Originating from the South of France, in the Provence region - the Tian Provençal is like eating summer! Made from fresh vegetables (perhaps harvested from your garden?), copious amounts of olive oil, a handful of herbs to season, and sharp knives to create the thinnest slices possible, this is an easy, but elegant dish for any occasion!
Bring the Mediterranean vibes to your kitchen with this beginner-friendly, iconic southern French recipe.
Serves 4 people
1. Pre-heat your oven to 350° F
2. Wash all your vegetables.
3. Cut the eggplant into thin, even slices and set in a bowl covered in coarse salt for about 20 minutes (this will take the moisture out of the eggplant, ensuring a crispy final result)
4. Meanwhile, cut the other vegetables into very thin, even slices. Consistency of the slices is key to this recipe!
5. After 20 minutes, rinse the eggplant slices under cold water to remove the salt and dry them thoroughly.
6. Rub a garlic clove on the bottom and sides of your oven-safe dish, and quarter the other 3 cloves. Drop them into the bottom of the dish, and drizzle with olive oil.
7. Place all the vegetable slices in the oven-safe dish, making sure to alternate each vegetable and keeping them as close as possible. Get creative! You can place them in a circle, a spiral or straight columns, depending on the shape of your dish. Note: you can cut the eggplant slices in half or quarters so they are about the same size as the other vegetables.
8. Drizzle the vegetables with a healthy amount of olive oil (3-4 tablespoons).
9. Mix the rosemary, thyme, parsley, salt and pepper together. Sprinkle the herb mix over the top of the vegetables.
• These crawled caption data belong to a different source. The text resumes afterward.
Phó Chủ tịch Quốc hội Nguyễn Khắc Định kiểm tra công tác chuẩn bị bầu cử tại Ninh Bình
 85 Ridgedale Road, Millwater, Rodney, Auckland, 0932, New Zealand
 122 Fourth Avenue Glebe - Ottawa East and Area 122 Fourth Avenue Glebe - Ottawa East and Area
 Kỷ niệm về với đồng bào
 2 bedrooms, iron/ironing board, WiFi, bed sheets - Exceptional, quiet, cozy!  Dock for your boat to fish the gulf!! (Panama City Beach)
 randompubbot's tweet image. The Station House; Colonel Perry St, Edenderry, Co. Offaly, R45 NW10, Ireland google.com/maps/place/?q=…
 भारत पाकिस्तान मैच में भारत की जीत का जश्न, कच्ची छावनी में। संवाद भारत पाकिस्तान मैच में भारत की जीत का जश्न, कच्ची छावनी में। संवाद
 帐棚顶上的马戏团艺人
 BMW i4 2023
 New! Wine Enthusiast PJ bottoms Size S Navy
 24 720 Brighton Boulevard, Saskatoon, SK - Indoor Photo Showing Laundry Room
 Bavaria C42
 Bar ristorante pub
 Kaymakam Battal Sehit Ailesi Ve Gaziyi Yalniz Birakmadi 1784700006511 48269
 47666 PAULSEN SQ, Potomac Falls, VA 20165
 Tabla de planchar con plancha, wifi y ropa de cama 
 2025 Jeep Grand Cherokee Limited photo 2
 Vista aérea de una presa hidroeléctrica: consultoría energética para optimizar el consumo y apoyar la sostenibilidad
10. Tuck the bay leaves between the rows of vegetables (to be removed after cooking, before eating!)
11. Bake for about 1 hour, until the vegetables are cooked through in the middle and crispy on the outside.
12. Add fresh basil on top and serve!
Tips: Don’t be shy on olive oil! Eggplants have a dense texture, so don’t hesitate to add a bit of extra olive oil to them before placing them in the dish to make sure they are saturated enough.